Phi6 is a double-stranded RNA virus with three-part, segmented, totalling ~13.5 kb in length. This type of lytic bacteriophage belongs to Group III Baltimore classification and was chosen as SARS-CoV-2 viral model (Group IV: positive-sense single-stranded RNA viruses) as it features a lipid membrane around their nucleocapsid. According to Kitajima et al. [107] low pathogenic CoV strains (such as MHV and classical human CoVs) or the same enveloped Pseudomonas phage phi6 can be used as models of SARS-CoV-2 considering biosafety [108]. Furthermore, recent experiments performed with Phi6 and SARS-CoV-2 have validated the use of this biosafe viral model [26].

LPBF processed Co-Cr-Mo porous samples ($n=3$) of 10 mm dia. were characterised. A non-woven spunlace fabric filter from NV EVOLUTIA (commercial filters used for face masks) of 10 mm in diameter was cut with a cylindrical punch and used as reference material. All samples were dried at 60 °C for 24 h between glass plates and sterilised in ethanol/distilled water (70:30 vol.%) solution for 5 min at 25 °C and UV radiated for an hour on each side.

The antiviral activity of the samples was measured at 30 min and five hours of contact with the biosafe viral model.

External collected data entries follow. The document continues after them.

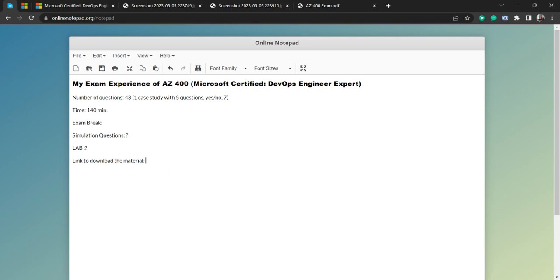Hello everyone, welcome to Cloud Medicine. I have recently passed AZ-400, which is basically Microsoft Certified DevOps Engineer Expert, and in this video I will give an exam review.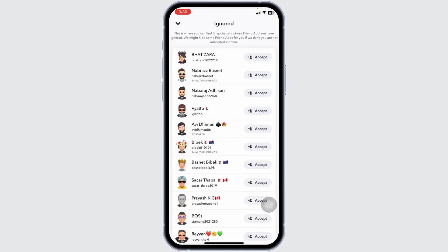You are able to accept these friend requests or delete them. If you want to accept, click on the accept option.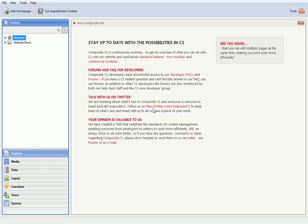Follow us on Twitter.com slash CompositeC1. Or visit us at www.composite.net.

A 50 μL volume of phage suspension in TSB was introduced into each sample at a concentration of $1\times {10}^6$ plaque-forming units per mL (PFU/mL) and incubated for 30 min and 5 h, respectively. Then the samples were placed in a falcon tube with 10 mL TSB and sonicated for 5 min at 24 °C and vortexed for 1 min. Serial dilutions of each falcon were made and 100 μL of each phage dilution were placed in contact with 100 μL of the host strain at OD_600mm = 0.5. The infective capacity of the phage was measured by the double-layer method where 4 mL of top agar (TSB + 0.75% bacteriological agar, Scharlau) and 5mM CaCl₂ were introduced to the phage-bacteria mix. The mixture was poured on TSA plates that were incubated for 24–48 h in an oven at 25 °C.

4. Conclusions

This study demonstrates the use of Laser Powder Bed Fusion for on-demand manufacturing of a novel Co-Cr-Mo porous material that shows superior antiviral activity outperforming common antiviral metals such as silver and copper. The paper reveals a surrogate model that allows porosity personalisation without the need for complex geometry data. This is achieved through controlling the LPBF process parameters such as laser power, scanning rate and hatch spacing. The proposed methodology simplifies the data requirement and pre-processing often required for printing porous materials. The surrogate model developed in this study showed that the most significant parameters for Co-Cr-Mo track thickness ($t_t$) were the interaction effects of scanning rate ($V_s$) and laser power ($P_l$) in the order $P_l{V}_s>V_s>P_l$. For pore diameter (${\varphi }_d$), the hatch spacing ($S_h$) has the most significant effect. The optimised Co-Cr-Mo microporous materials showed 100% viral inactivation against the phage phi 6 used as enveloped RNA viral model of SARS-CoV-2 in 30 min. The evolution of this and future pandemics will bring unexpected situations where the ability to print and personalise on-demand antiviral materials can achieve rapid solutions. Furthermore, the proposed methodology can be adopted to conceive functional antiviral materials that can be fabricated close to point-of-care.